>>>

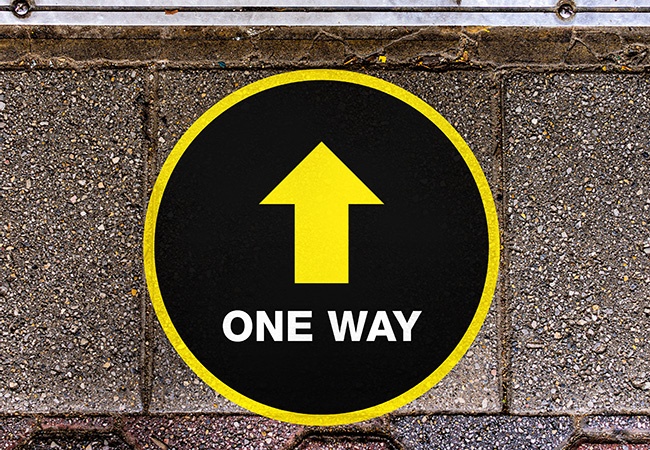 'ONE WAY' circular distancing floor sticker - pack of 6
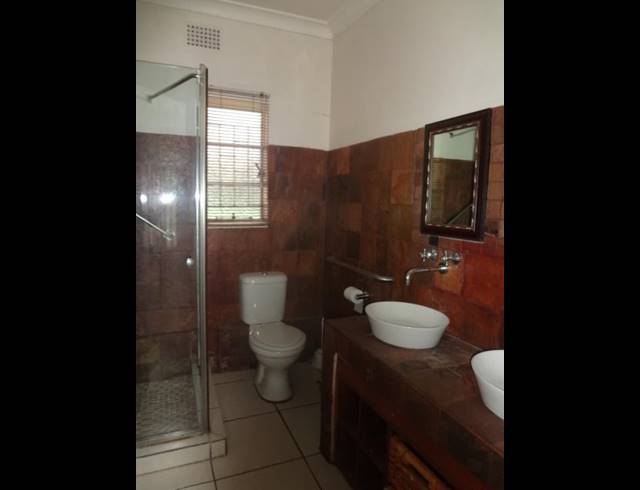 3 BEDROOM PROPERTY TO RENT IN LAKESIDE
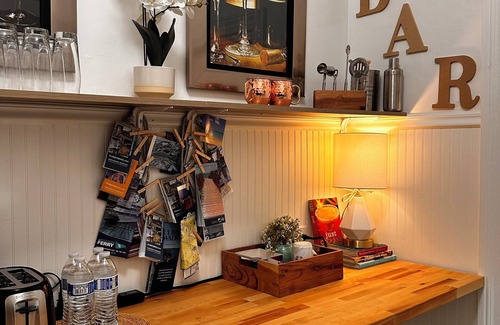 Wayland Apartamento | Cozy 2B1B Apt,Private Kitchen, Walk to everything,Near BROWN &RISD. Pet Friendly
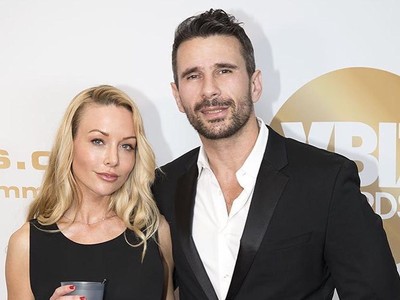 Eng chiroyli erkak porno yulduz Erkaklar ayolning sutini yalaydilar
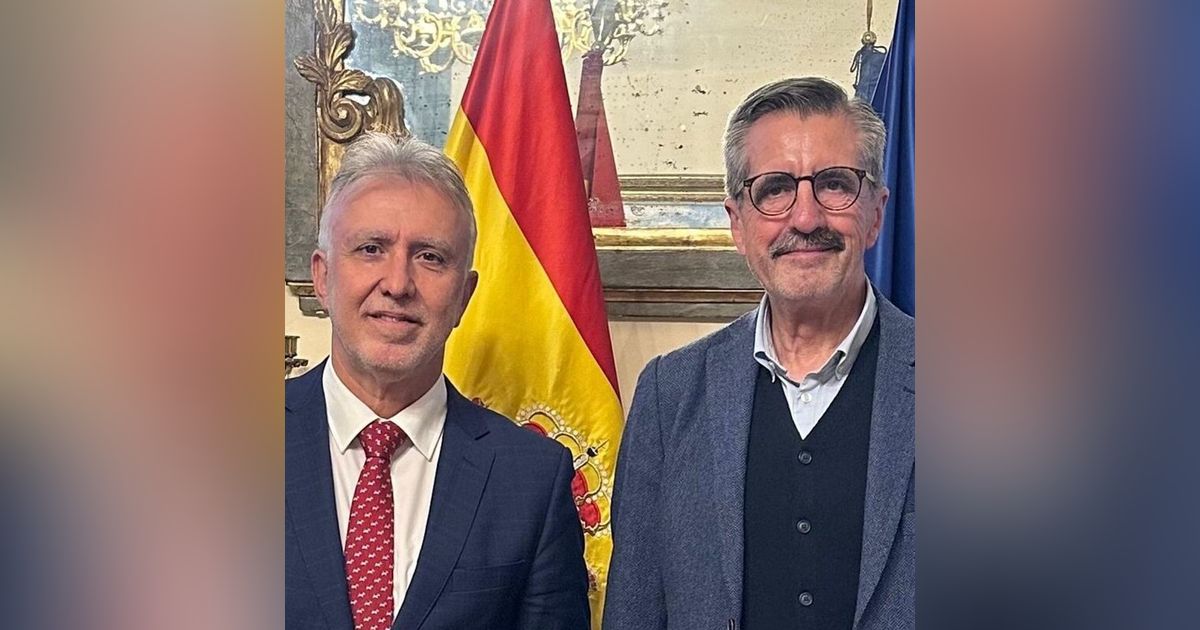 Tertulia de Federico: Cae el comisionado que falsificó el título universitario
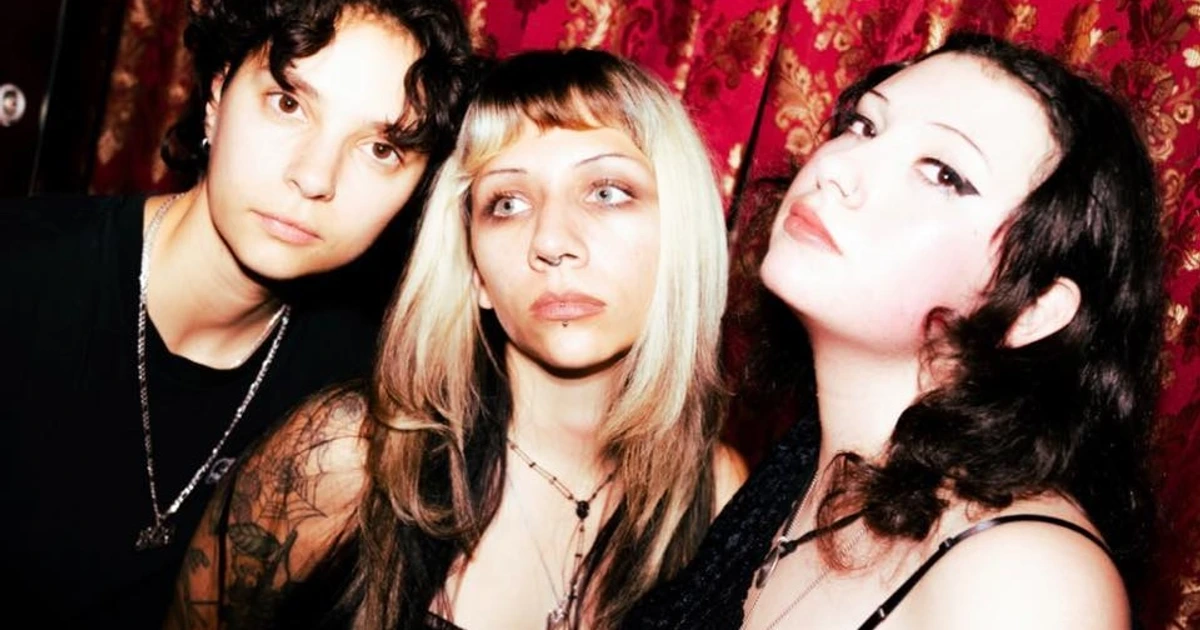 Tour news: Faetooth, Ted Leo, Bikini Kill openers, Armor for Sleep, Space Echo fest, more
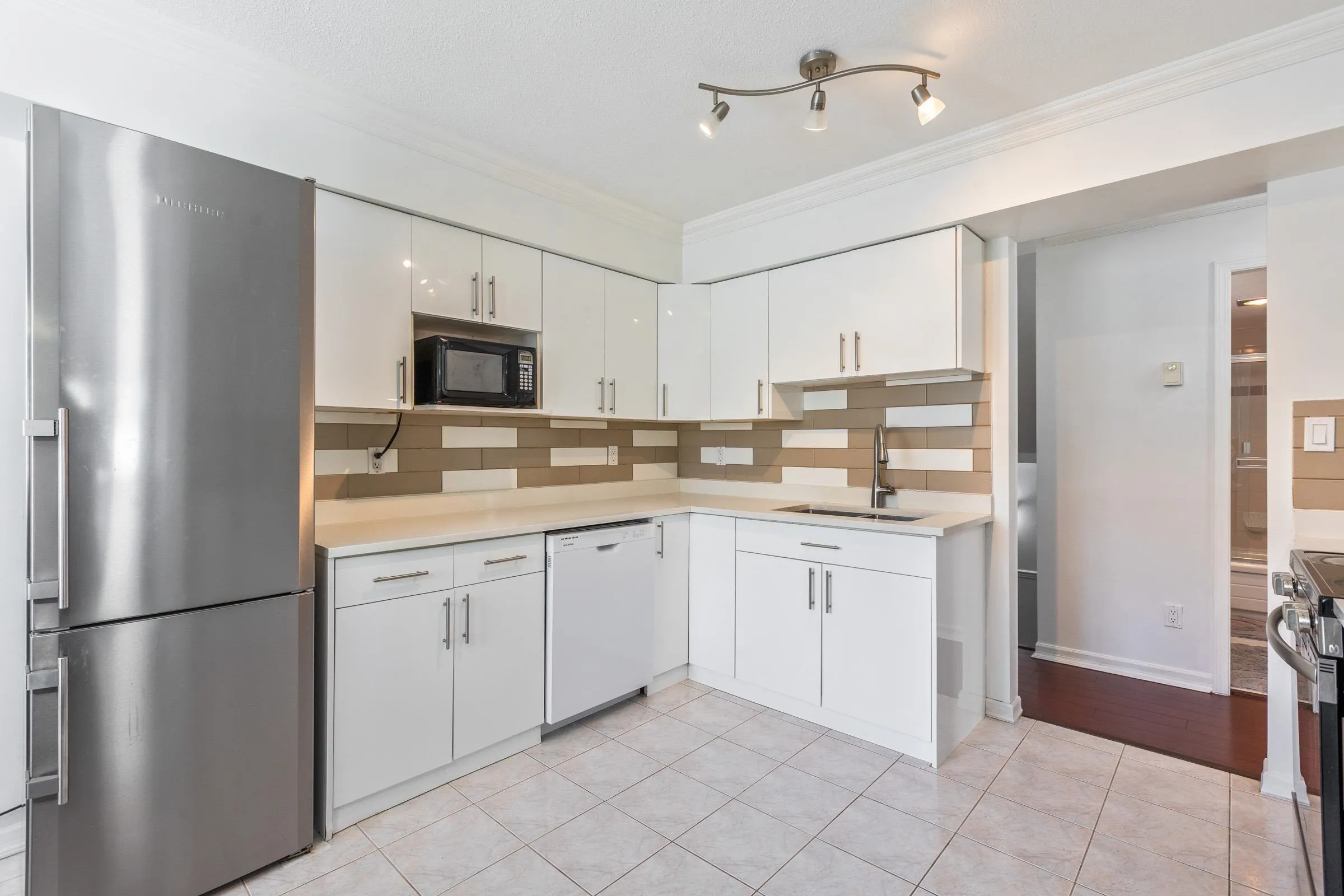10077 156 Street #158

<<<

Activity » Could you give again precisely the lines from the one containing "Tour news: Faetooth, Ted" through the final line of the material above, both included, and no others, dropping the pictures?

Task result »
 Tour news: Faetooth, Ted Leo, Bikini Kill openers, Armor for Sleep, Space Echo fest, more
10077 156 Street #158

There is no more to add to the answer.